++++ Available data ++++

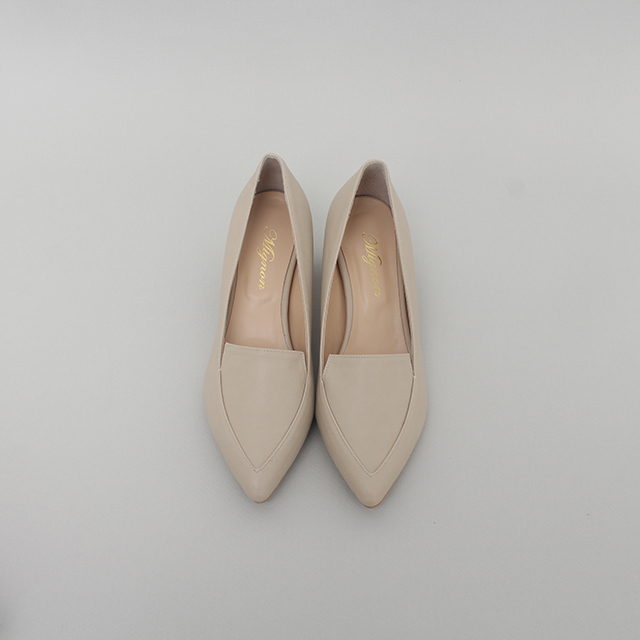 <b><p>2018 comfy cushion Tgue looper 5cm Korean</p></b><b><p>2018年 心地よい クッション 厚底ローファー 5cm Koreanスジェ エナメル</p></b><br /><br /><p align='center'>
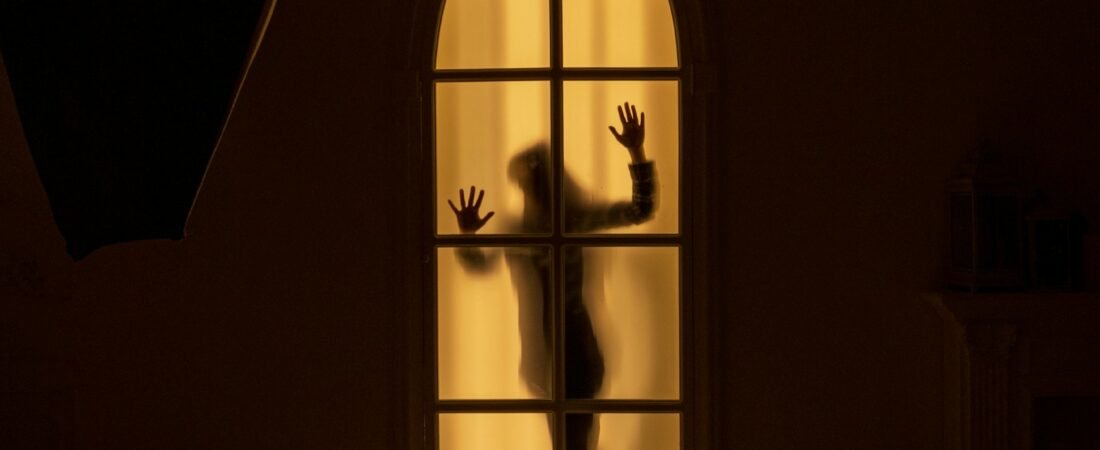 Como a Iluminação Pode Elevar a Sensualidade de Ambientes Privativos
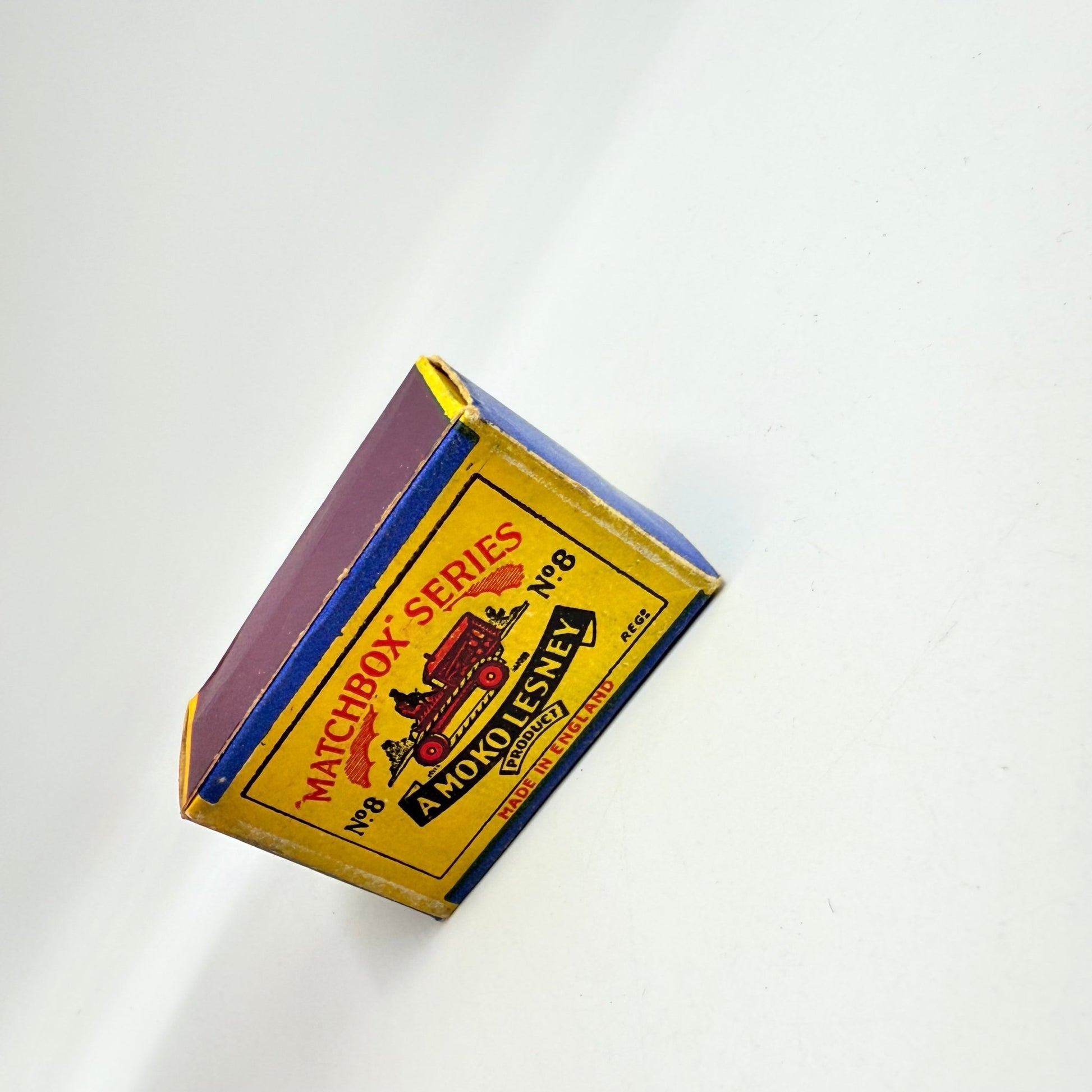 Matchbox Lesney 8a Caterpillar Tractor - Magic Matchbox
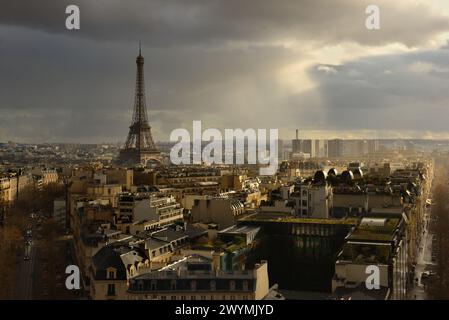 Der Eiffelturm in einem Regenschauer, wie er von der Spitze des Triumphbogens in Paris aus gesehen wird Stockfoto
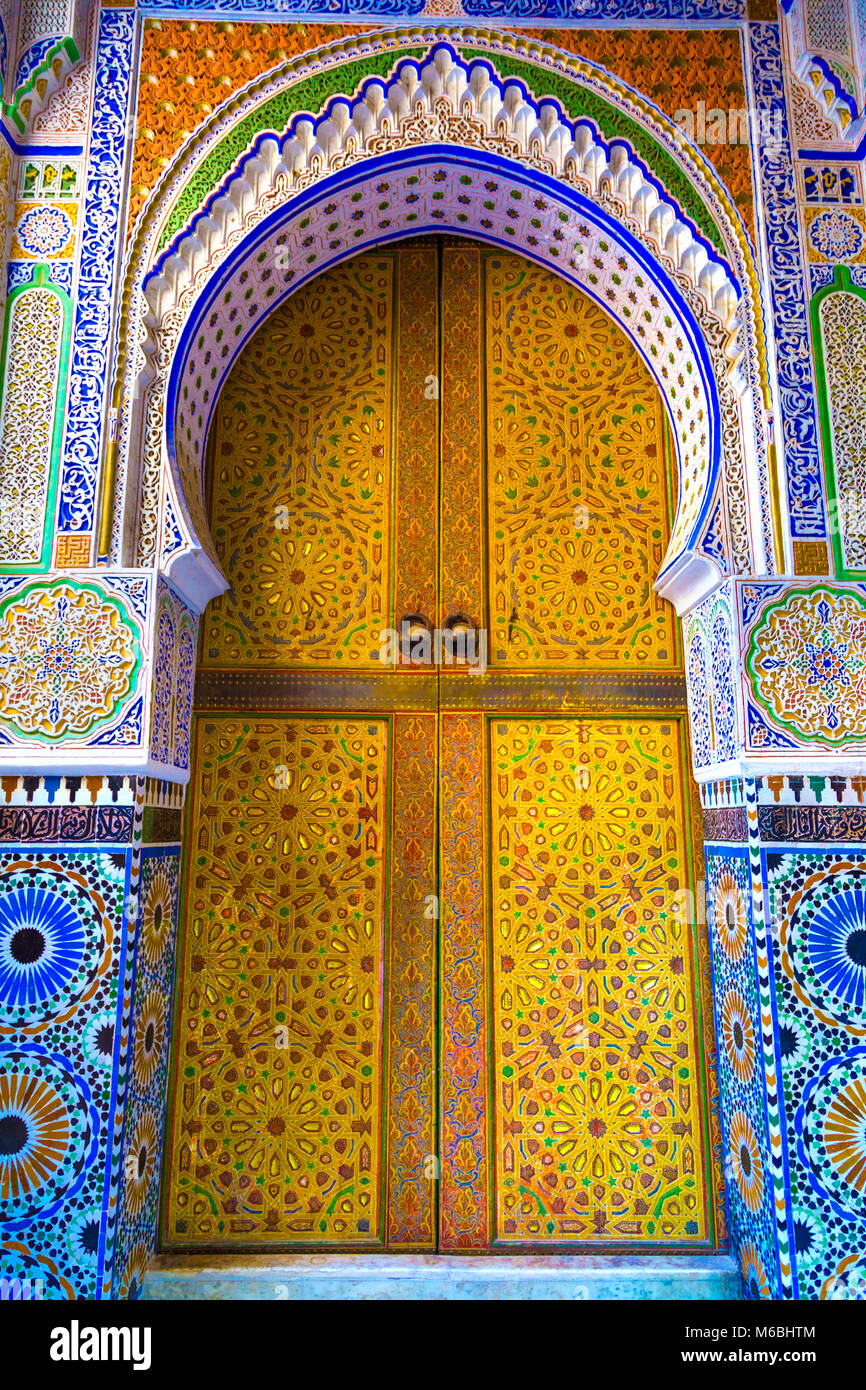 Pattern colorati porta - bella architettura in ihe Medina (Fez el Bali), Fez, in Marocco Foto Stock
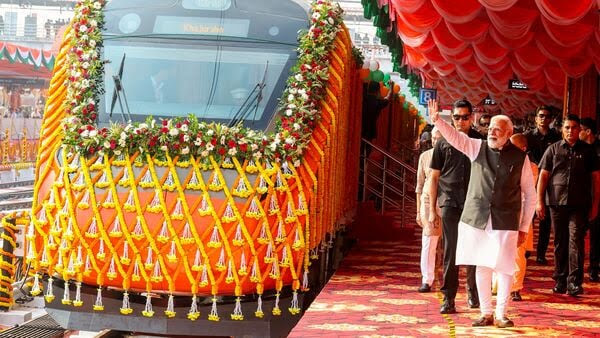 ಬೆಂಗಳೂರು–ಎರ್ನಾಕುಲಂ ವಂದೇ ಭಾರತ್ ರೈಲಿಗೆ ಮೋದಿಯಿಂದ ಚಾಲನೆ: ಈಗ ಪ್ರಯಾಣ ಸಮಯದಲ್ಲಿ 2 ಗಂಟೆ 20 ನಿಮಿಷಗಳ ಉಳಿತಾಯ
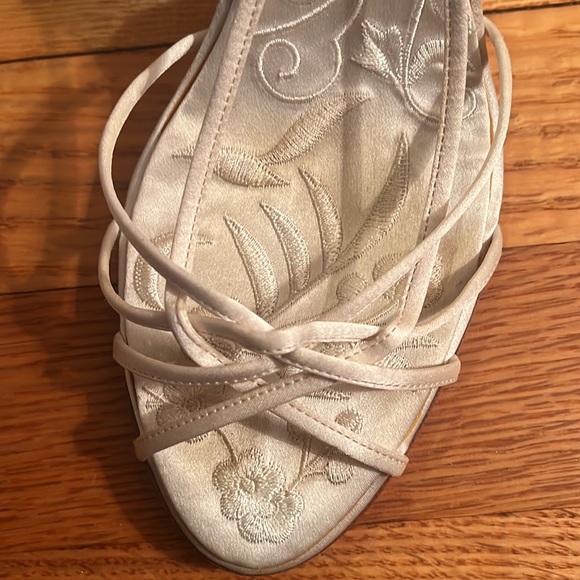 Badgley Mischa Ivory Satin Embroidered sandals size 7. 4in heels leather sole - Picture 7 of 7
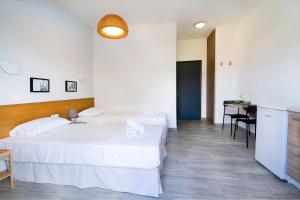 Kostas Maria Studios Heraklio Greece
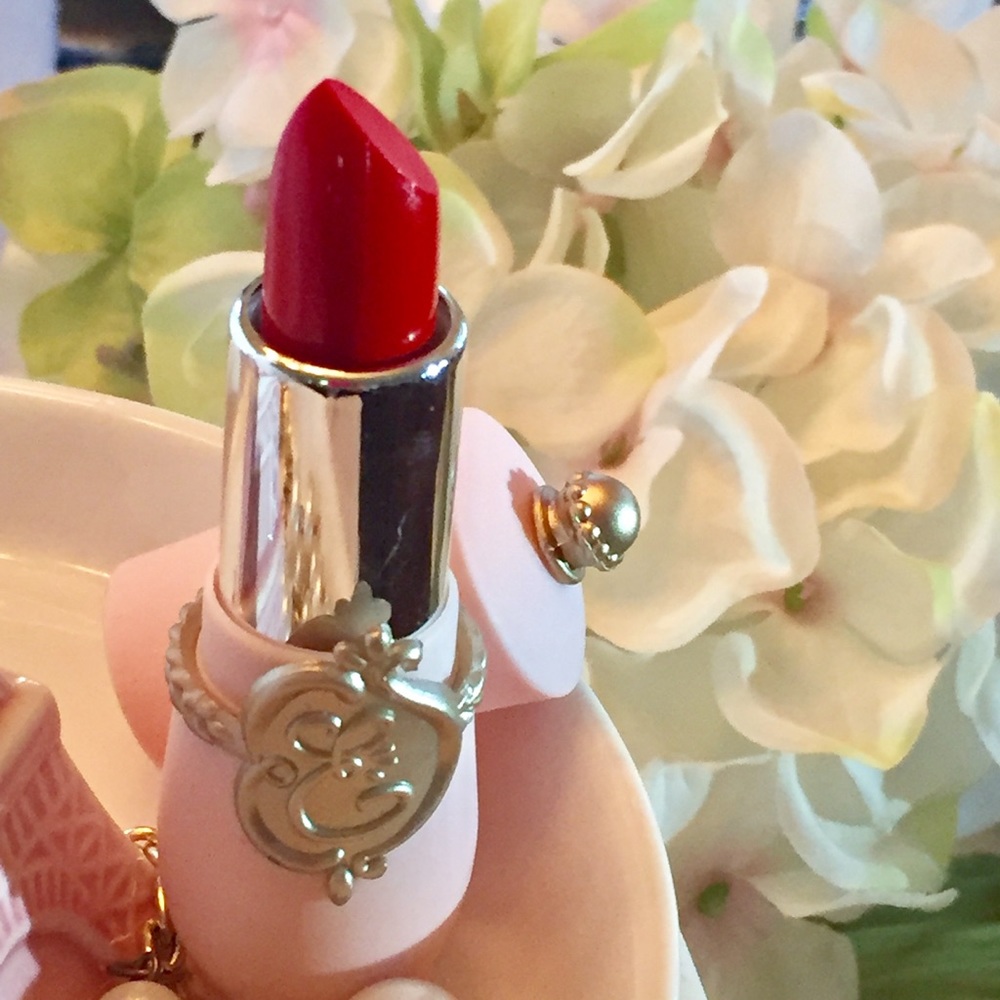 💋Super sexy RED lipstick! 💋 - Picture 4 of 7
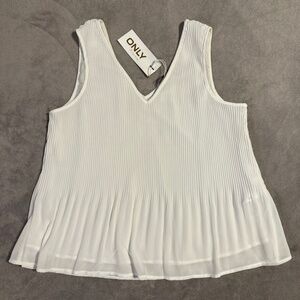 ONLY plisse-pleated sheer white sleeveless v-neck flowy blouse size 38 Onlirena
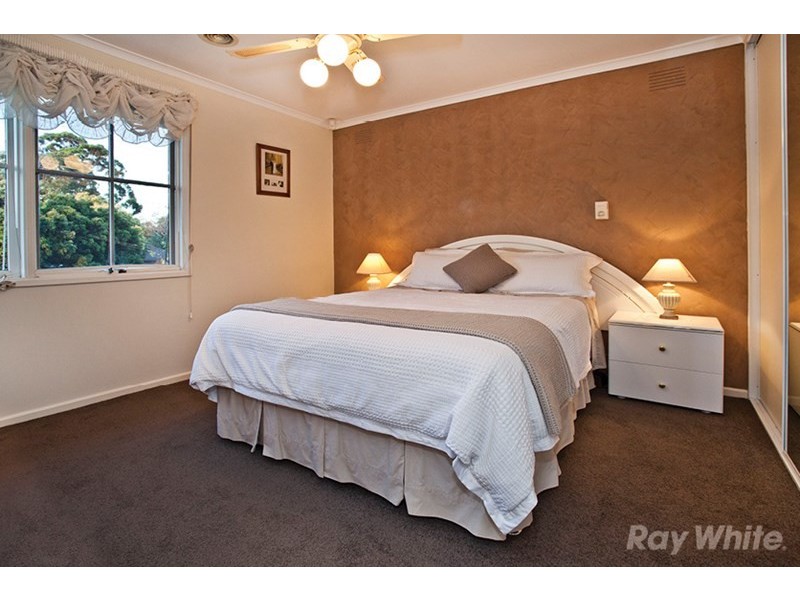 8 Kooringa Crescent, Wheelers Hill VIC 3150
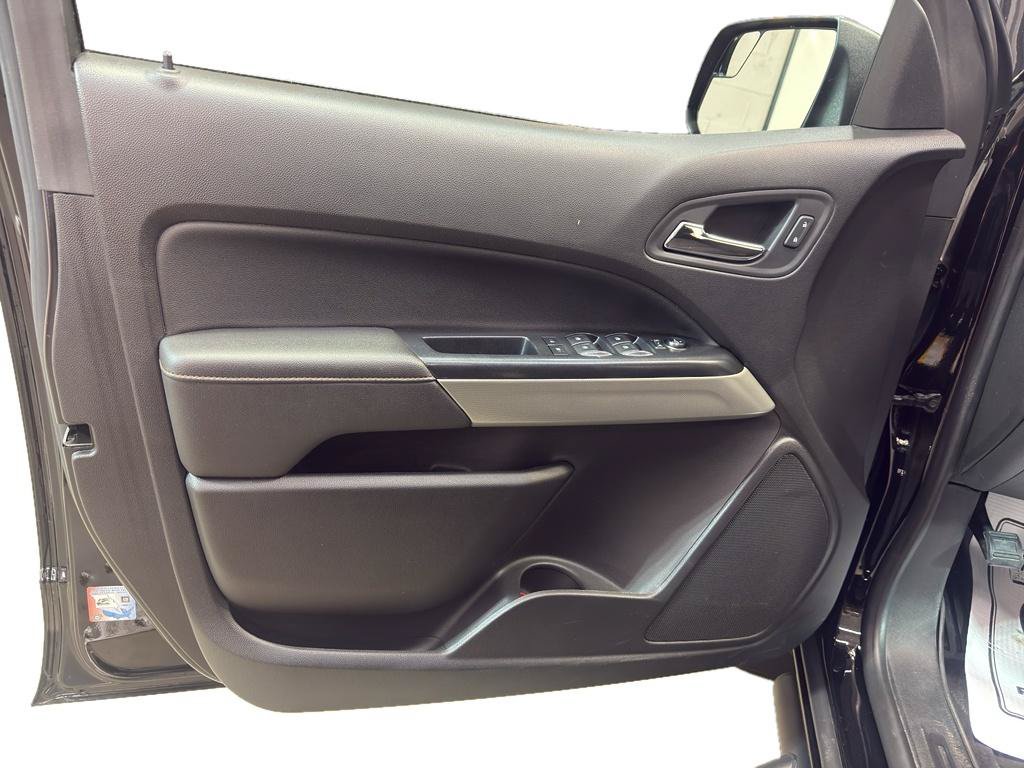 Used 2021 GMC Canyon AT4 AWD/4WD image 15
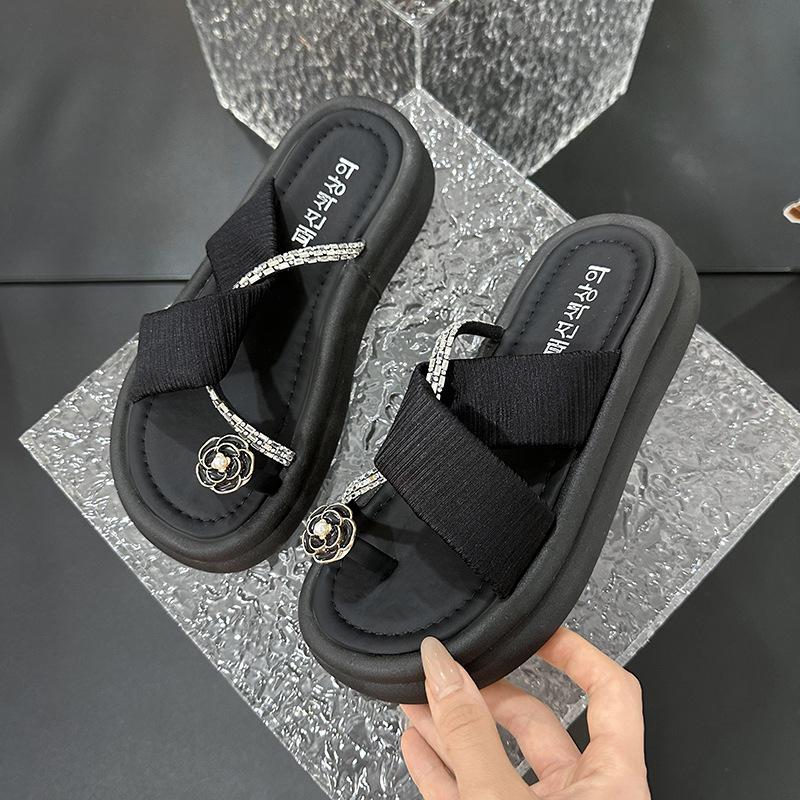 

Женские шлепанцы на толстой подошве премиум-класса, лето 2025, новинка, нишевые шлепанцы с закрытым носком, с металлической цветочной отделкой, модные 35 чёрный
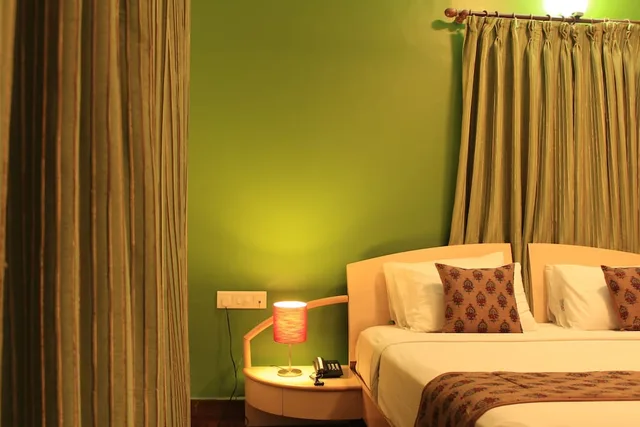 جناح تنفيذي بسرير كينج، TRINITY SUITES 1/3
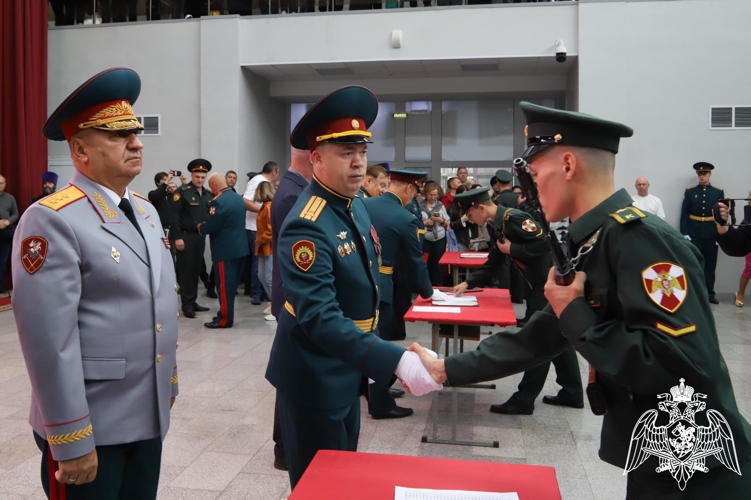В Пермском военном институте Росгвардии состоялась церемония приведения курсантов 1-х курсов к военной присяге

++++

◆ **What to work on**:
Please give again, word for word, the lines from the one containing "Der Eiffelturm in" through the last line of the listing above, inclusive, and leave out pictures.

◆ **Exercise response**:
 Der Eiffelturm in einem Regenschauer, wie er von der Spitze des Triumphbogens in Paris aus gesehen wird Stockfoto
 Pattern colorati porta - bella architettura in ihe Medina (Fez el Bali), Fez, in Marocco Foto Stock
 ಬೆಂಗಳೂರು–ಎರ್ನಾಕುಲಂ ವಂದೇ ಭಾರತ್ ರೈಲಿಗೆ ಮೋದಿಯಿಂದ ಚಾಲನೆ: ಈಗ ಪ್ರಯಾಣ ಸಮಯದಲ್ಲಿ 2 ಗಂಟೆ 20 ನಿಮಿಷಗಳ ಉಳಿತಾಯ
 Badgley Mischa Ivory Satin Embroidered sandals size 7. 4in heels leather sole - Picture 7 of 7
 Kostas Maria Studios Heraklio Greece
 💋Super sexy RED lipstick! 💋 - Picture 4 of 7
 ONLY plisse-pleated sheer white sleeveless v-neck flowy blouse size 38 Onlirena
 8 Kooringa Crescent, Wheelers Hill VIC 3150
 Used 2021 GMC Canyon AT4 AWD/4WD image 15

Женские шлепанцы на толстой подошве премиум-класса, лето 2025, новинка, нишевые шлепанцы с закрытым носком, с металлической цветочной отделкой, модные 35 чёрный
 جناح تنفيذي بسرير كينج، TRINITY SUITES 1/3
В Пермском военном институте Росгвардии состоялась церемония приведения курсантов 1-х курсов к военной присяге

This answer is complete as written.